3. QSR HOSTING. The Service is available to Client only through a hosted environment, which hosted environment is currently managed by QSR. Client acknowledges that its access and use of the Service will be through the Internet only. Client further acknowledges and agrees that QSR's hosting activities may involve a QSR third-party vendor, and that certain information pertaining to Client necessary for such third-party vendor to perform its obligations may be provided by QSR to that third party vendor for Client to use the Service.
4. THIRD PARTY COMPONENTS. The System is based on software developed and owned by Company and/or its licensors, and may use or include third party software, files and components that are subject to open source and third-party license terms (“Third Party Components”).

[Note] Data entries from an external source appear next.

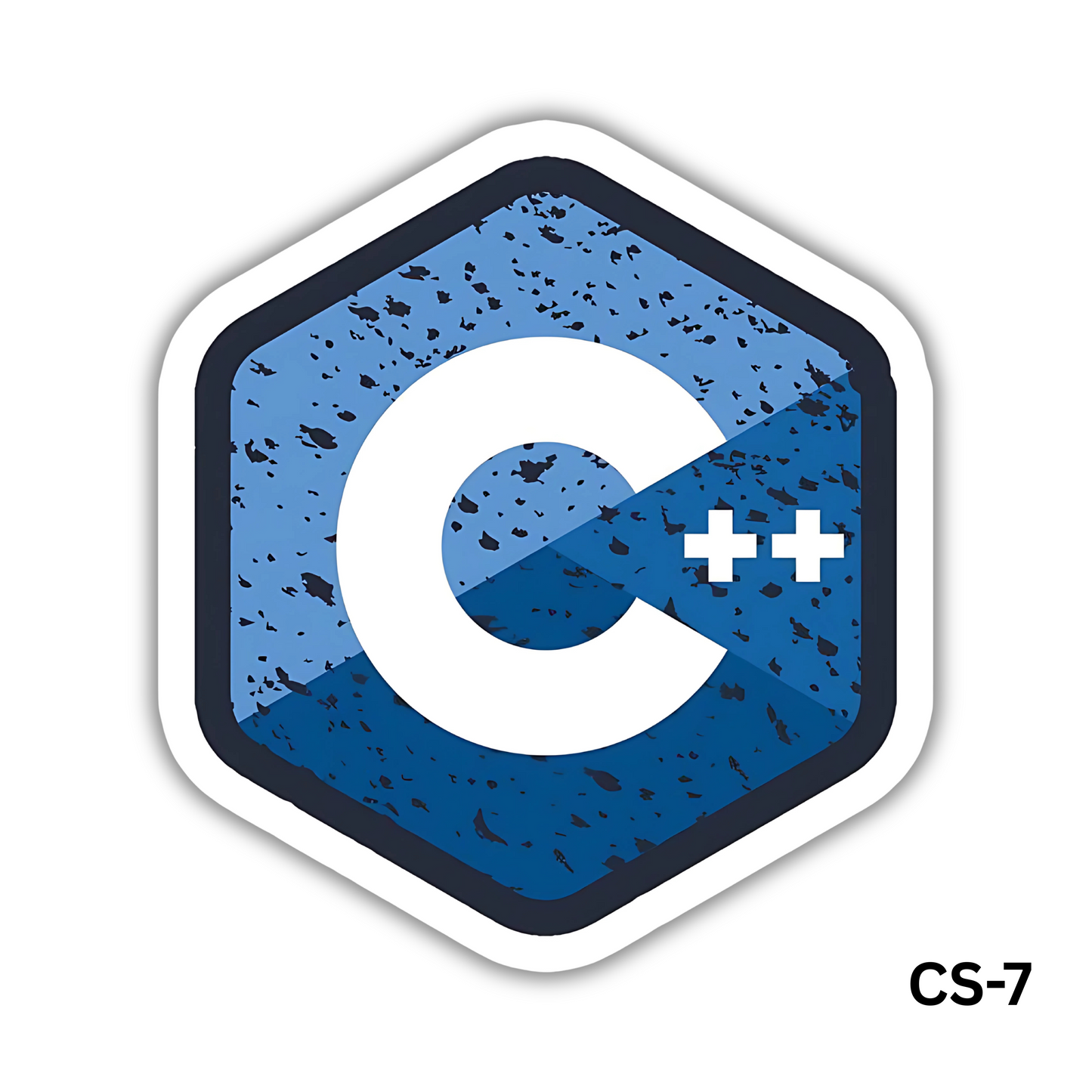 C++ Sticker (CS-7)
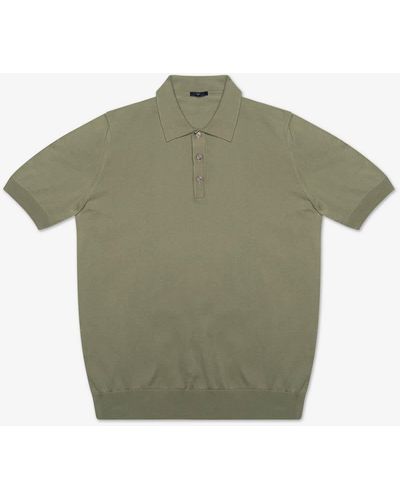 Larusmiani Polo Sea Island Polo Shirt - Green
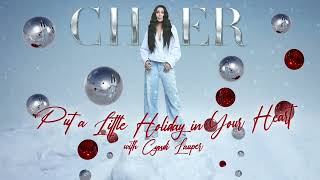 Cher  Put a Little Holiday In Your Heart with Cyndi Lauper Official Audio [upl. by Annavaj]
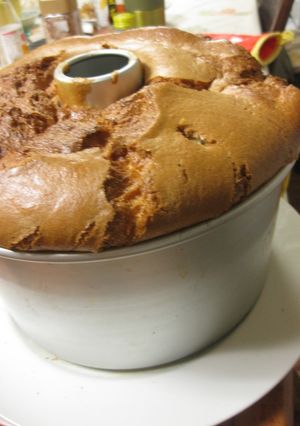 膨らむよ~♪簡単ふわもこスポンジケーキ♪-レシピのメイン写真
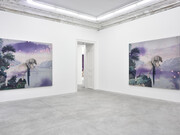 Toutes les images: Julian Schnabel, View of the exhibition ‘Jack Climbed up the Beanstalk to the Sky of Illimitableness Where Everything Went Backwards’, 19.10 - 14.11.2015, Almine Rech Gallery, Paris © Julian Schnabel - Photo: Rebecca Fanuele, Courtesy of the artist and Almine Rech Gallery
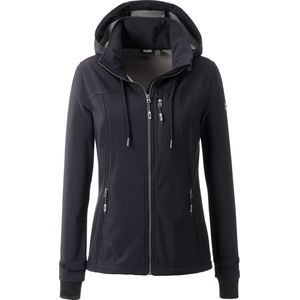 DEPROC Active Softshelljacke "DECORAH PEAK V WOMEN", mit abnehmbarer Kapuze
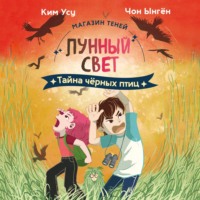 Чон Ынгён. Магазин теней «Лунный свет». Книга 3. Тайна чёрных птиц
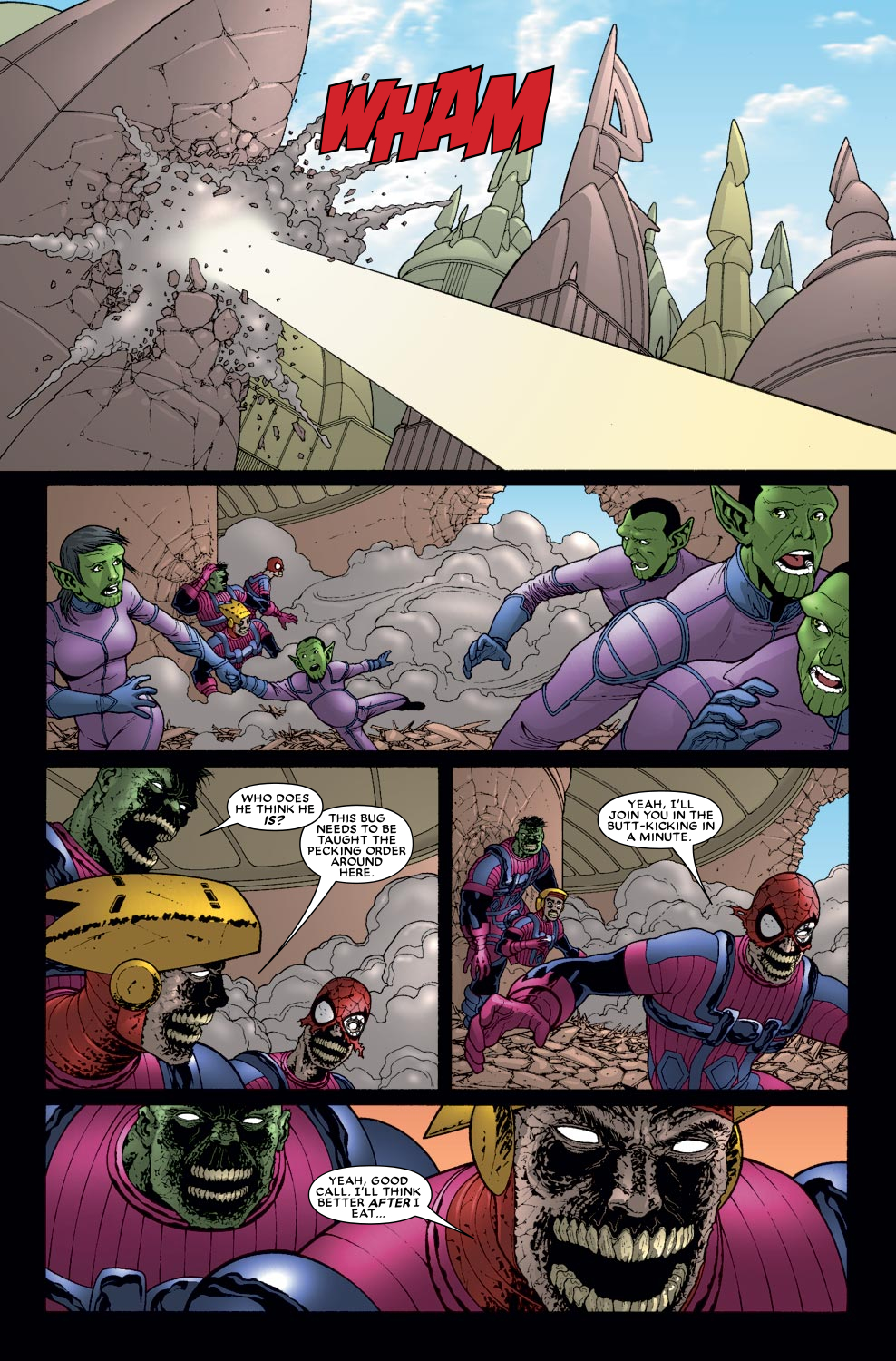 Black Panther (2005) Issue #29 - Page 14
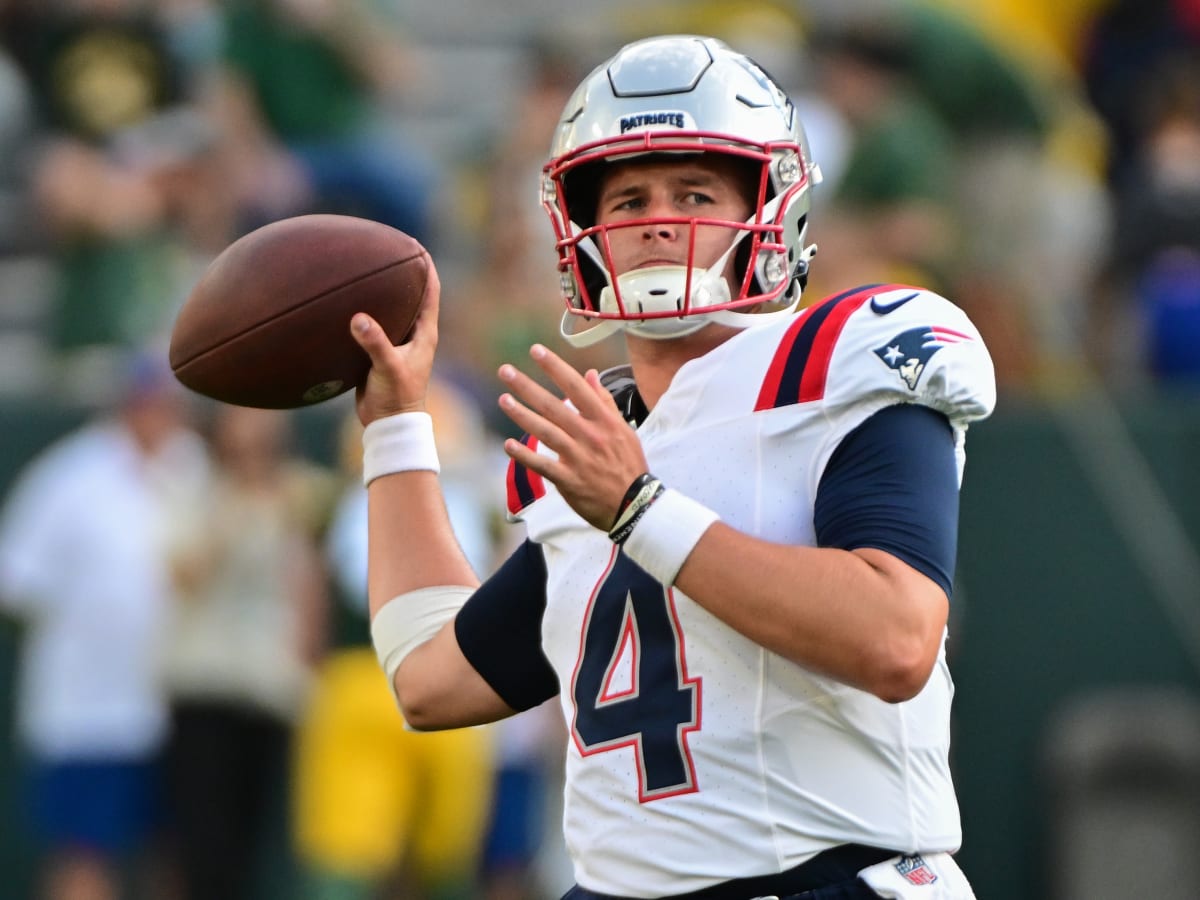 Mac Jones, Patriots starters reportedly won't play in preseason opener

Client’s right to use such Third-Party Components as part of, or in connection with, the System is subject to any applicable acknowledgements and license terms attached to such Third-Party Components, contained therein or related thereto. If there is a conflict between the licensing terms of such Third-Party Components and this Agreement, the licensing terms of the Third-Party Components shall prevail in connection with the related Third Party Components. Such Third-Party Components are provided on an “AS IS” basis without any warranty of any kind and shall be subject to any and all limitations and conditions required by such third parties. Under no circumstances shall the System or any portion thereof (except for the Third-Party Components contained therein) be deemed to be “open source” or “publicly available” software.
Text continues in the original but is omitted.